Siwanoy Country Club
- Interactive map of Siwanoy Country Club

Club information
- Location: Eastchester, New York, U.S.
- Established: 1901
- Type: Private
- Tota holes: 18
- Tournaments: PGA Championship (1916)
- Website: www.siwanoycc.com
- Designed by: Donald J. Ross
- Par: 71
- Length: 6,481 yards
- Course rating: 71.8

= Siwanoy Country Club =

Country club in Eastchester, New York

Siwanoy Country Club is a country club located in Eastchester, New York. The club hosted the first PGA Championship in 1916, which was won by Jim Barnes.

==History==
Siwanoy Country Club of Mount Vernon was incorporated on May 20, 1901 at the Westchester County Clerk's office. The officers were president, Archibald M. Campbell; vice-president, Frank Mack vice-president; secretary, William N. G. Clarke; Arthur D. Stone, treasurer; and Alfred E. Taylor, team captain. The club got its name from the tribe that inhabited the shore of Long Island Sound. The club leased the Robert O. Glover estate with 40 acres of land and a house and barn.
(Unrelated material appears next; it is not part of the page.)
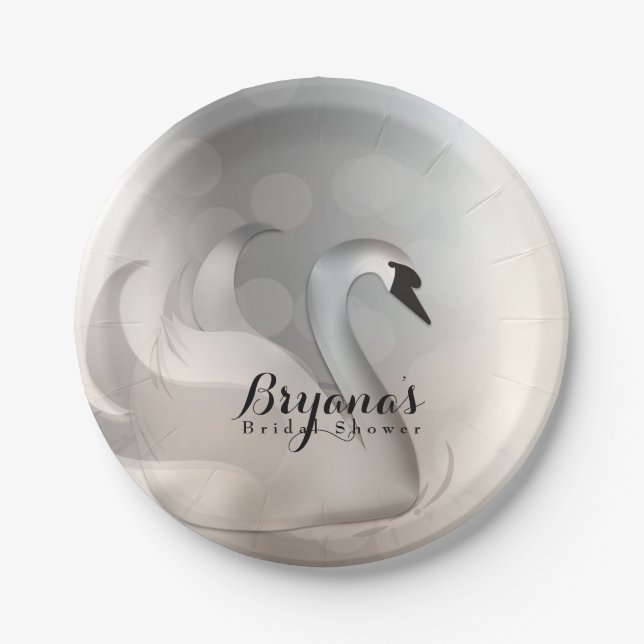 Assiettes En Carton Belle Swan Silver Chic Elegant Party (Devant)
A 18 hole golf course and tennis courts were developed.

Tom Kerrigan joined the Siwanoy Country Club in 1914 and served as professional at the Club for a half century. In 1939 he shot the exceptionally low score of 62 on the par 71 Siwanoy course. He was often called "Tee Shot" Kerrigan due to his ability to hit unusually long drives. He is one of just a few who were granted lifetime honorary membership at the Club. The World War I fighter ace Eddie Rickenbacker also received that honor.